José Manuel Ribeiro, presidente da Câmara de Valongo e da delegação portuguesa no CoR, recorda que a política de coesão “foi criada para compensar as imensas disparidades na UE”. Reconhece a necessidade de investimento em defesa e competitividade, mas que não seja à custa das regiões mais pobres: “Mantemos uma defesa de uma política que apoie as regiões e que envolva o poder local e regional no desenho e na avaliação destas políticas, além da implementação”.
Mudanças castigam políticas de Viktor Orbán
Os planos da Comissão Europeia só serão conhecidos na quarta-feira, mas tudo indica que Ursula von der Leyen se prepara para apertar o cerco a Viktor Orbán, primeiro-ministro da Hungria.

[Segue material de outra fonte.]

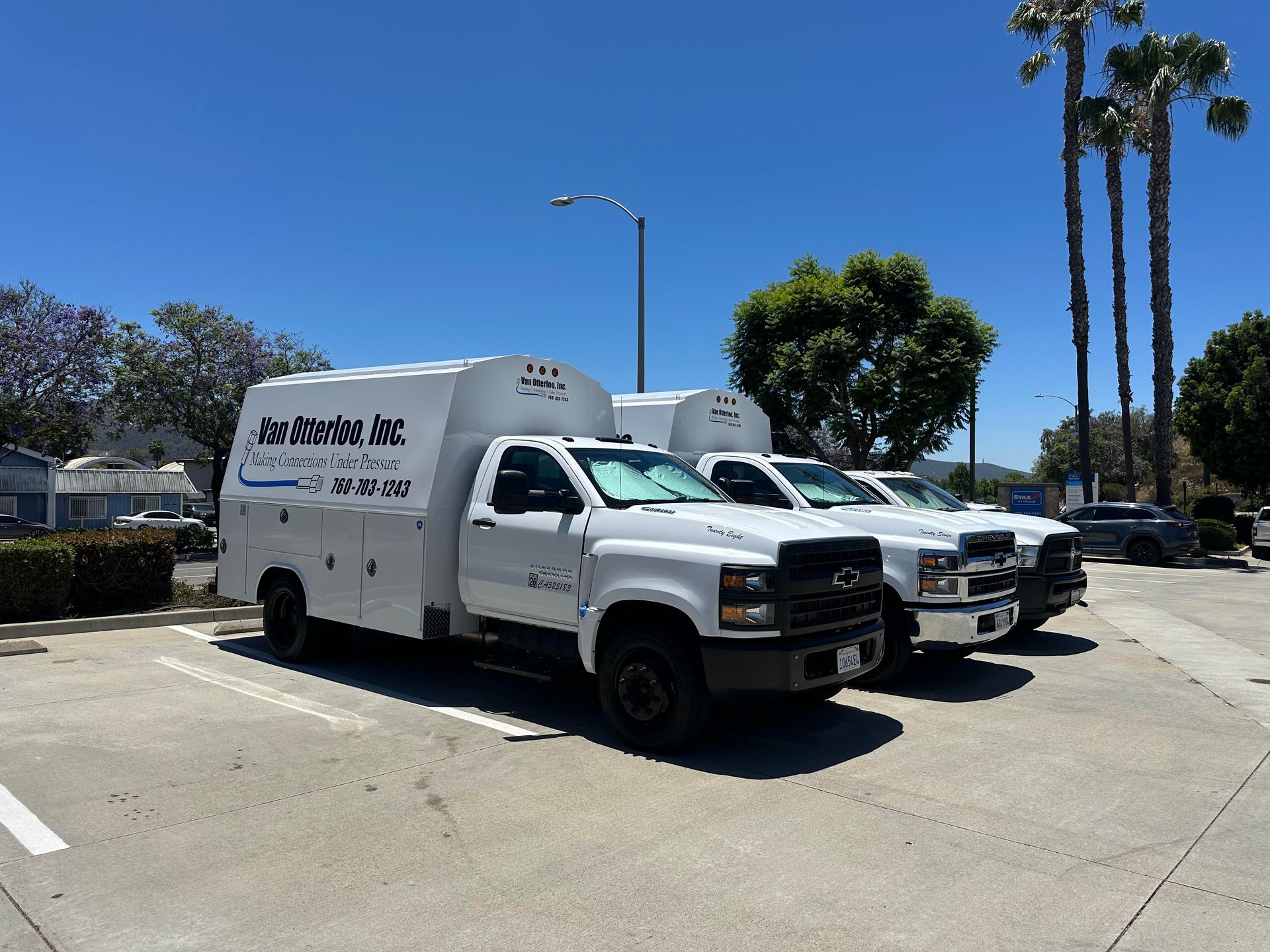 Three white service trucks parked in a lot under a blue sky, some palm trees.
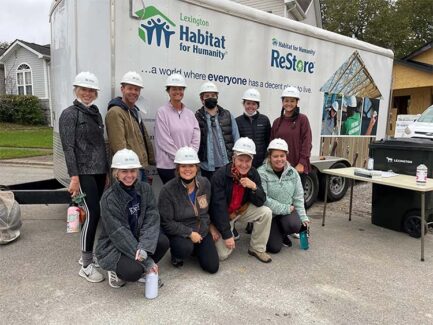 Group photo of Hanna Resource Group team members at a Habitat for Humanity home building project.
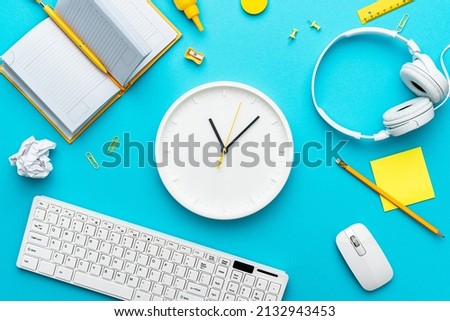 View from above on the office table with watch as working day concept. Flat lay image of office and deadline concepts over turquoise blue background. Top-down composition of time management concept.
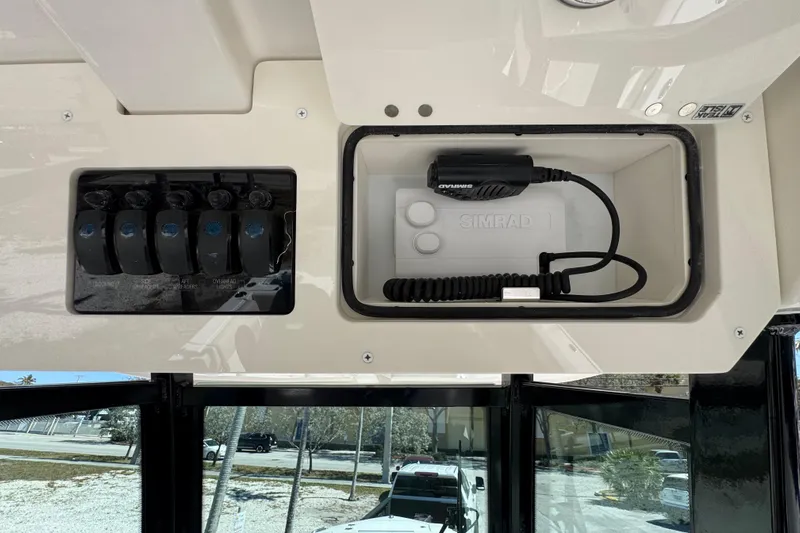  Yacht Photos Pics 2026 Sailfish 272 CC boat dashboard with Simrad radio and control switches.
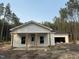 Charming single-story home with white siding, covered porch, and attached garage surrounded by natural landscaping at 240 Green Pines Estates Dr, Kenly, NC 27542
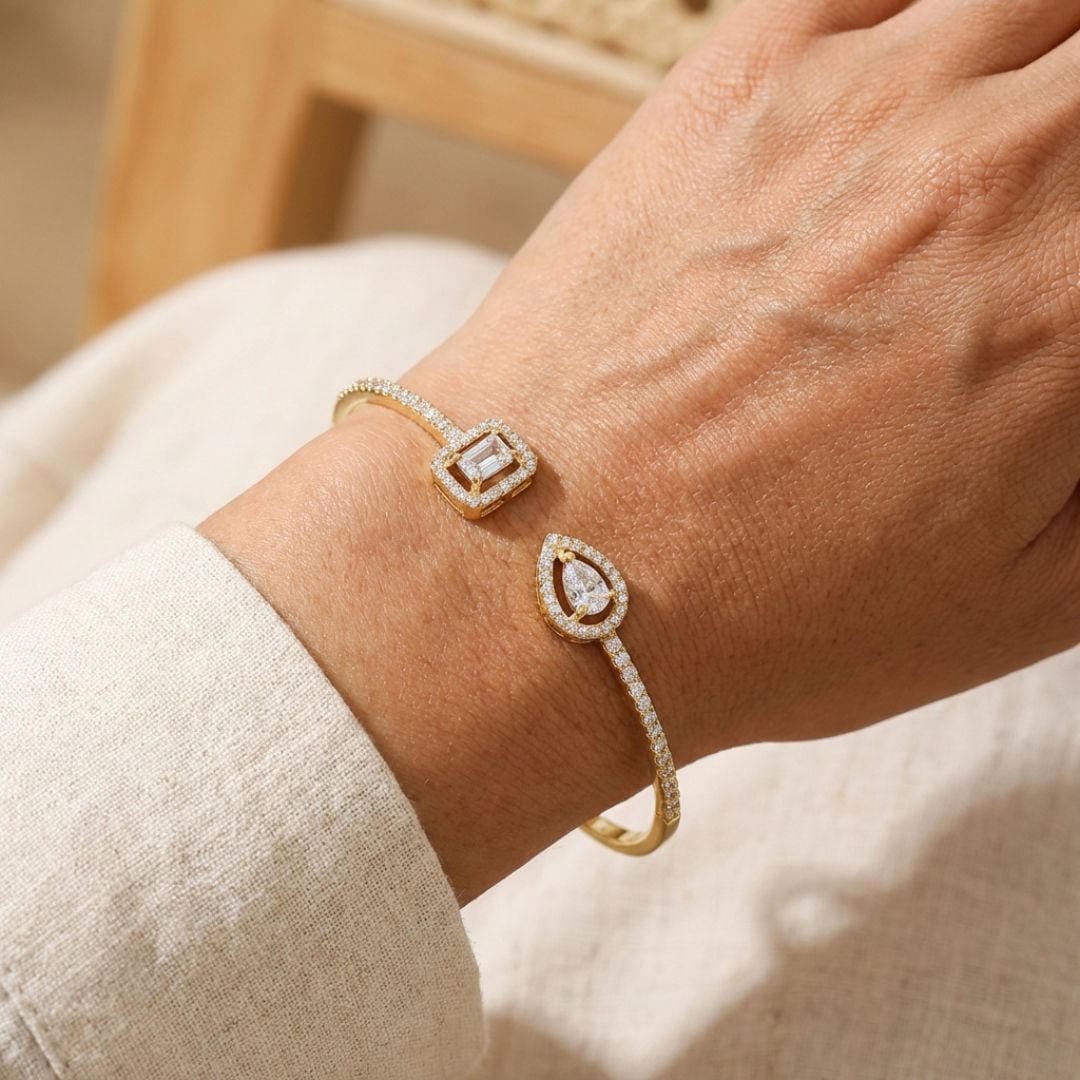 Open gold bracelet with two stones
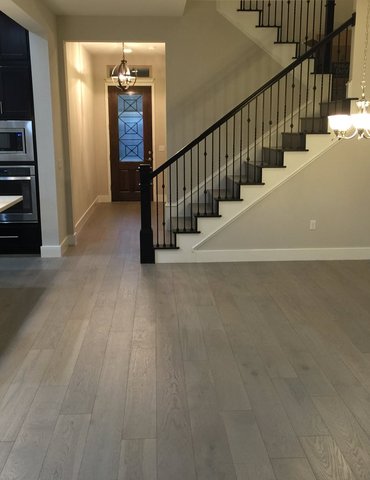 living room/dining room with hardwood floor Peoples Signature Flooring Austin Texas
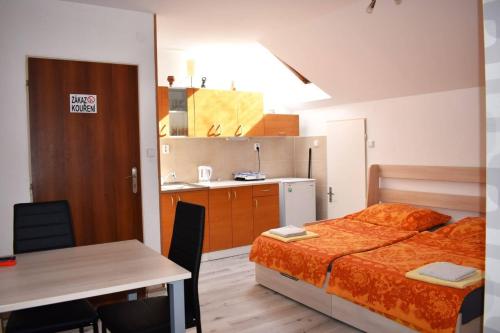 een slaapkamer met een bed en een tafel en een keuken bij Penzion Era in Zlín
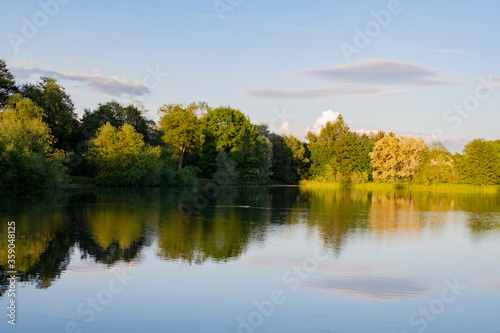 Countryside pond, hills, meadows and forest. Trees and clouds reflecting into the water. Mirror. Warm sunset light. Country pond. Fishing. Countryside holiday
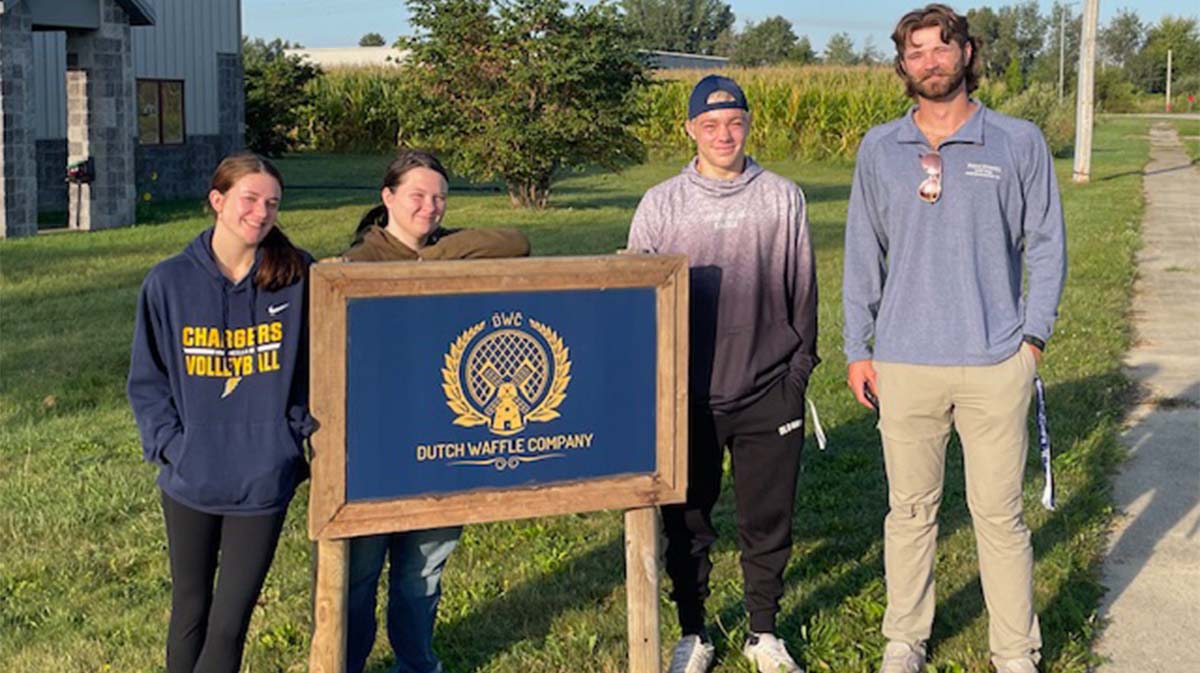 Group of four people standing by the Dutch Waffle Company sign in a grassy area.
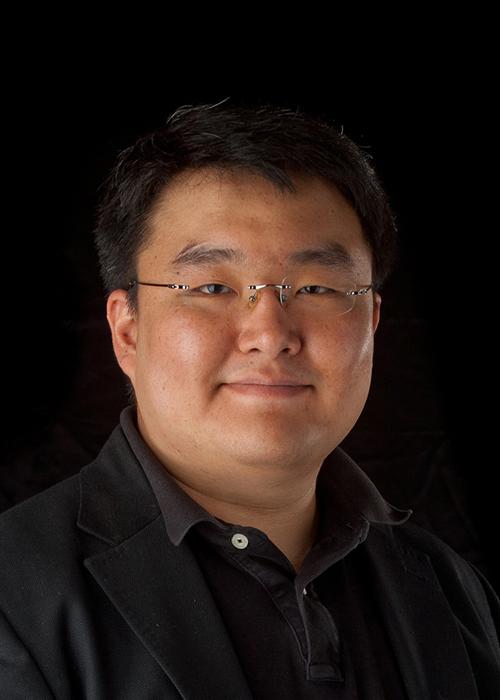 Paul Cheong in front of black backdrop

O objetivo da Comissão Europeia é, segundo o ‘Politico’, aumentar o montante do orçamento que está vinculado à adoção de políticas democráticas que se coadunem com os padrões europeus e prejudicar os que se afastem destas diretrizes.
Deste modo, as violações às liberdades dos cidadãos implementadas nos últimos anos pela Hungria, sobretudo contra a imprensa e tribunais, serão mais difíceis de contornar.
Recorde-se que Orbán já tem suspensas verbas de 18 mil milhões de euros devido ao desvio das suas políticas dos objetivos da UE. Porém, o governo húngaro podia canalizar verbas de outros fundos para projetos suspensos, o que não deverá ser permitido no próximo quadro.
A Hungria tem eleições legislativas em 2026 e Orbán está atrás nas sondagens. As mudanças na UE estão a ser vistas como forma de explorar a sua fragilidade interna.